One point to note for those who may have read reviews of this movie - many Western reviewers babbled on about the "chemisty" between the two leads and how "sexy" Suzuki is. I don't know what kind of wierd projection was going on there, but this is in no way a romantic movie. Anyone expecting some "hot" adult man on early teenage girl action is going to be very dissapointed. The most physically intimate the relationship gets is a quick hug after he finds her when she's having somewhat of an emotional meltdown, and her resting her head on his shoulder while riding on the back of a motorbike.
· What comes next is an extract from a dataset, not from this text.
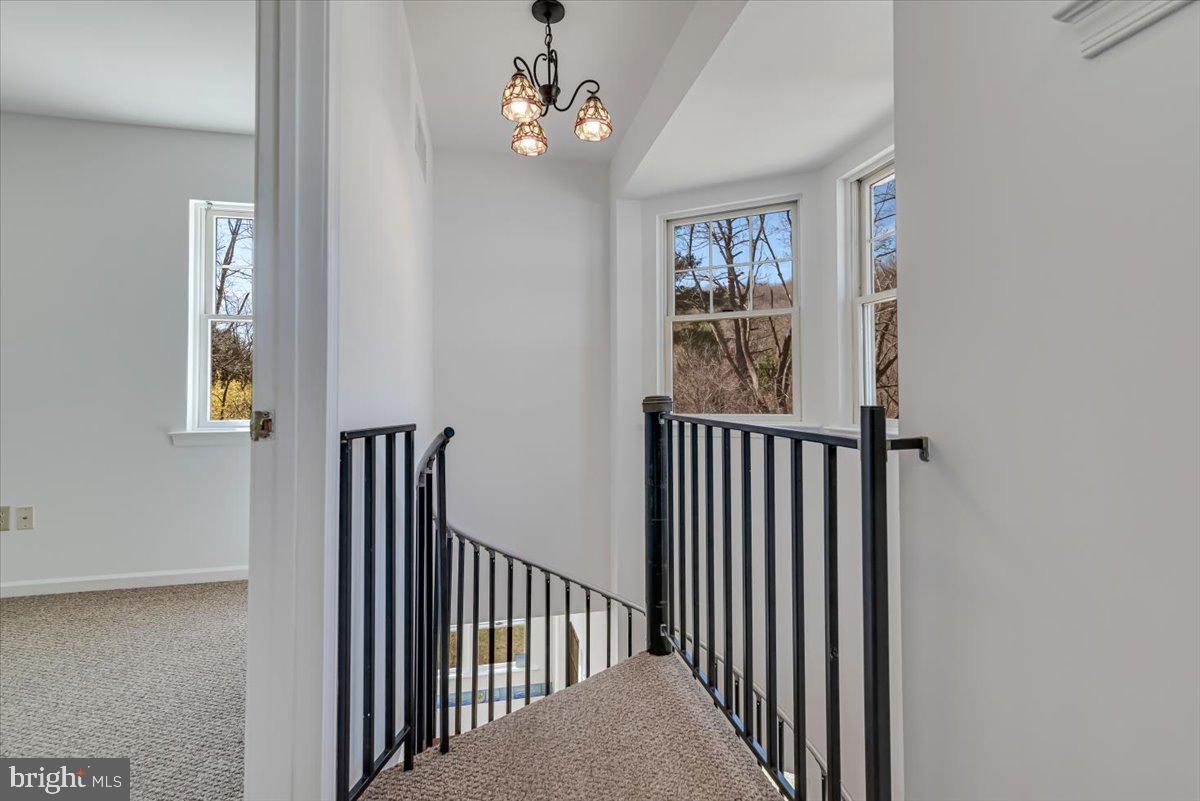 WYNDHAM HILL - Residential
The fact that some of the reviewers were apparently unable to see "cute Japanese teenager" without thinking "hot sex" is rather depressing to me. I blame the porn industry.
"Returner" also got me thinking about the differences in the way men are presented in the Asian film industry and the way they're presented in the West, but that's a topic for another post. More later...

6 comments:

StealthBadger said...

Meh, I suggest turning captcha on -_-

BUT!

I'd blame the advertising industry more than the porn industry. Porn tends to follow least-common-denominator ideas of style and attractiveness, not set them. Historically, the U.S. "Adult Film" industry is about as financially "Conservative" as you can get, new "trends" generally come from overseas.
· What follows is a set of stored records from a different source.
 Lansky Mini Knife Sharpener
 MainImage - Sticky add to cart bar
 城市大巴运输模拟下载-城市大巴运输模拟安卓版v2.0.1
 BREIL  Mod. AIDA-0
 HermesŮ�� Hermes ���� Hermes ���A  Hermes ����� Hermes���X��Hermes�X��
Unless, when you say "porn industry," you're talking about the "Paris Hilton, covered in soap-suds-as-blatant-metaphor and fellating a cheeseburger" film industry, which would mean we were talking about the same thing, and I apologize.

StealthBadger said...

*fines himself $5 for double-quote-abuse*

Anonymous said...

I suppose I'm a bit sceptical about the media usage of the word "controversial". It usually prompts a response, or a thought of: "Great, is it racism,(stronger than usual) sexism, homophobia or all three?"
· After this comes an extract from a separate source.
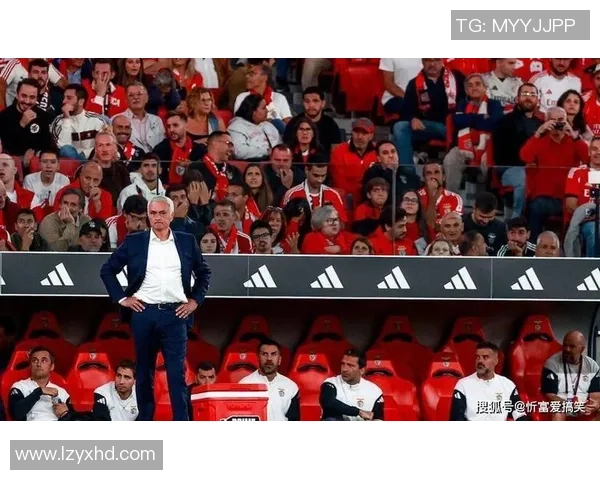 意甲大战国米狂胜本菲卡乌龙球引发争议判罚全场沸腾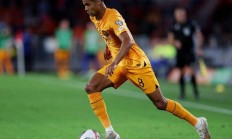 九游中国-包含欧洲杯预选赛胜负难分，球员心态十分平静的词条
Really controversial movies are damn rare.

Cassandra Says said...

What is captcha? Will it enable me to block all the annoying spam that I've been getting recently?
In this case I'm specifically talking about the porn industry, particularly that segment of it that has a penchant for Japanese teenage girls in school uniforms. Not that the ad industry doesn't suck too - it does. This particular brand of stupidity can pretty much be blamed on porn, though.
Tuomas - agreed. In this case it manages to hit both sexism and racism, since Devon Aoki's fembot assassin character literally does not have a single line in the whole movie. Hey, normally I LIKE pretty girls in leather, but is there any good reason why they couldn't let her talk?

Cassandra Says said...

Red - glad that I could save you a couple of hours of abject boredom.

FoolishOwl said...

Blogger.com has some new options for dealing with spam, like requiring typing in the text in a graphic.

I spent half an hour cleaning out the spam comments on my blog today.